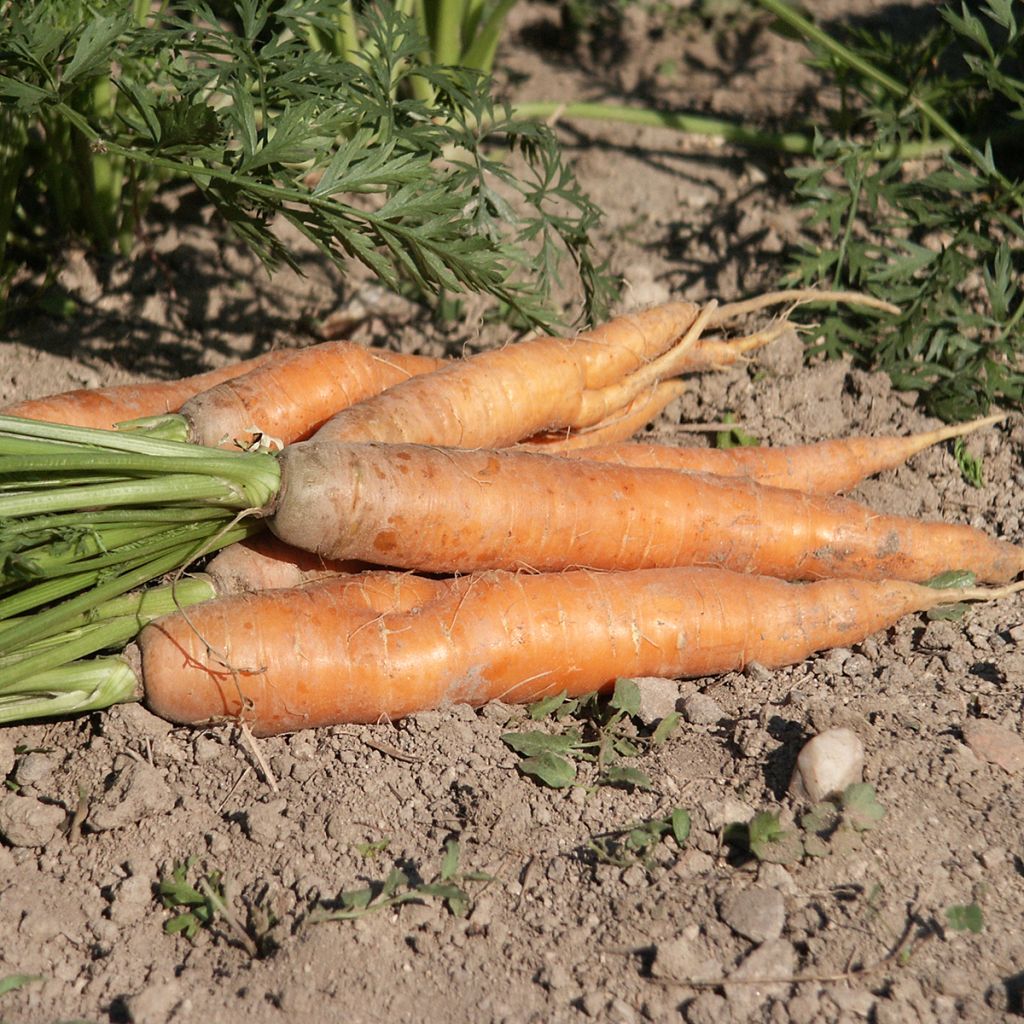 Cenoura Nantaise Melhorada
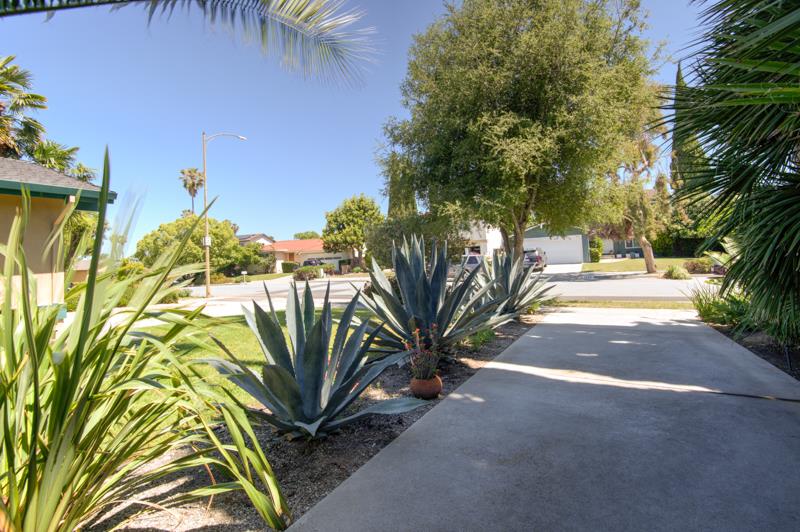 1441 Goldenlake Road San Jose, CA 95131 - Photo 6 of 31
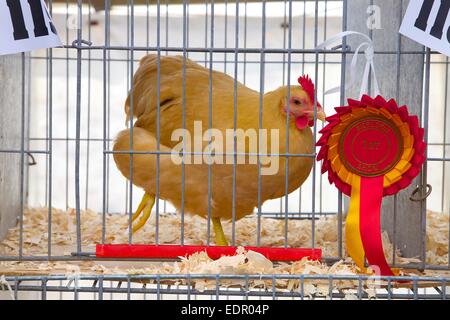 Zeigen Sie Huhn in Käfig auf Skelton Show. Cumbria, England UK Stockfoto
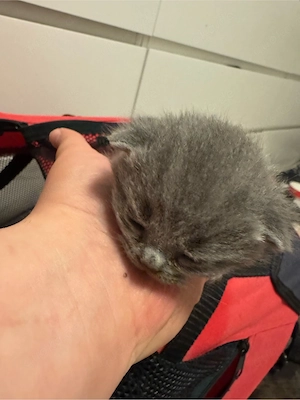 Bkh kitten suchen neues zuhase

*What you have to do*: Copy out nothing but text: transcribe the listing exactly and skip each picture.

*Written answer*:
 Cenoura Nantaise Melhorada
 1441 Goldenlake Road San Jose, CA 95131 - Photo 6 of 31
 Zeigen Sie Huhn in Käfig auf Skelton Show. Cumbria, England UK Stockfoto
 Bkh kitten suchen neues zuhase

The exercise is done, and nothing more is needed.